- **Supplied data**:

※ ※ ※

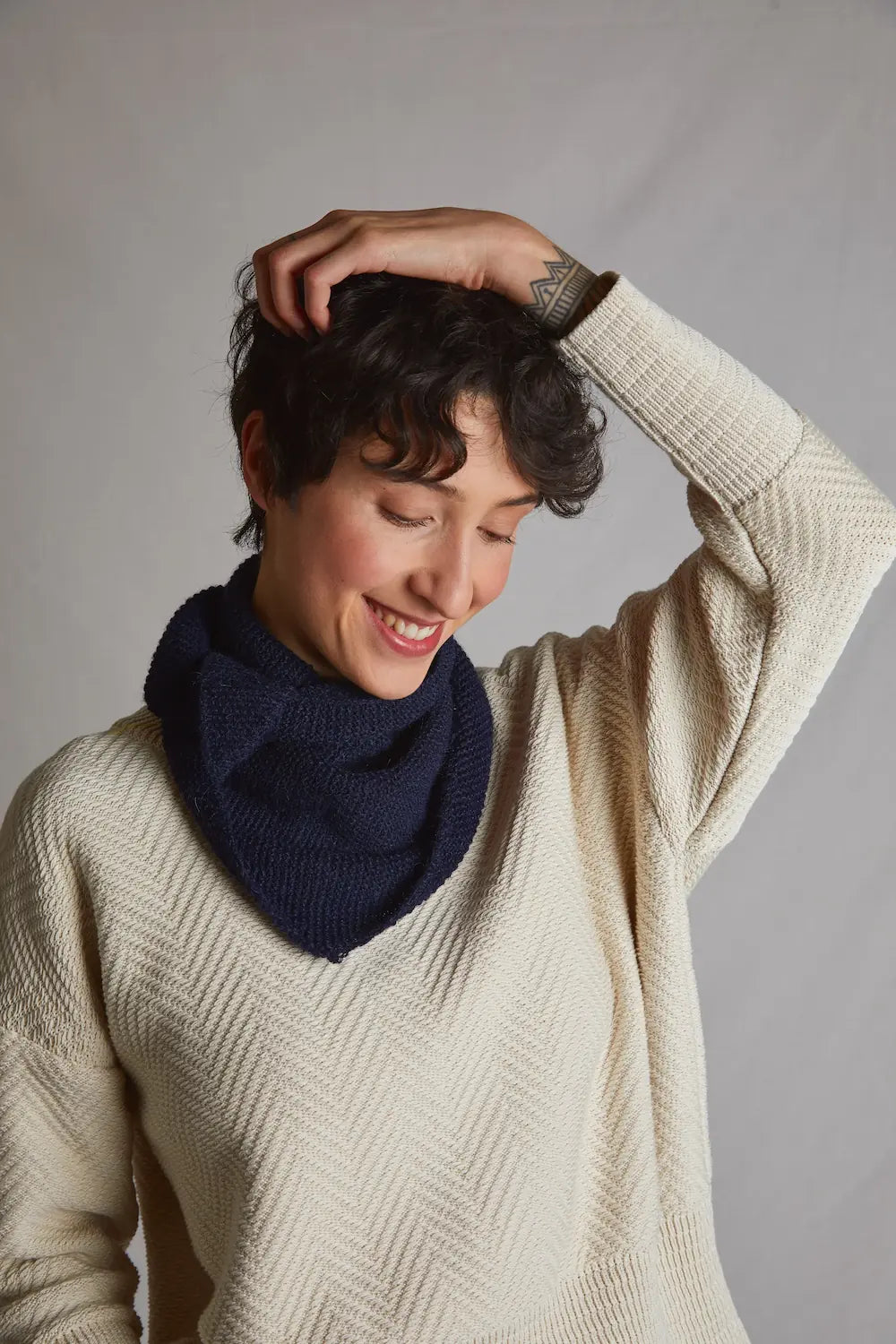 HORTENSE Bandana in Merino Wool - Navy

※ ※ ※

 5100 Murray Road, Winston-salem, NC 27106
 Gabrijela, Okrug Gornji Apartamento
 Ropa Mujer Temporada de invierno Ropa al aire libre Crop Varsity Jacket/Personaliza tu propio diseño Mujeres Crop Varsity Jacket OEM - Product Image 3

※ ※ ※

- **What you have to do**:
Above are the records; from them, give again exactly the lines from the one containing "5100 Murray Road, Winston-salem, NC 27106" through the one containing "Ropa Mujer Temporada", both included.

- **Exercise output**:
 5100 Murray Road, Winston-salem, NC 27106
 Gabrijela, Okrug Gornji Apartamento
 Ropa Mujer Temporada de invierno Ropa al aire libre Crop Varsity Jacket/Personaliza tu propio diseño Mujeres Crop Varsity Jacket OEM - Product Image 3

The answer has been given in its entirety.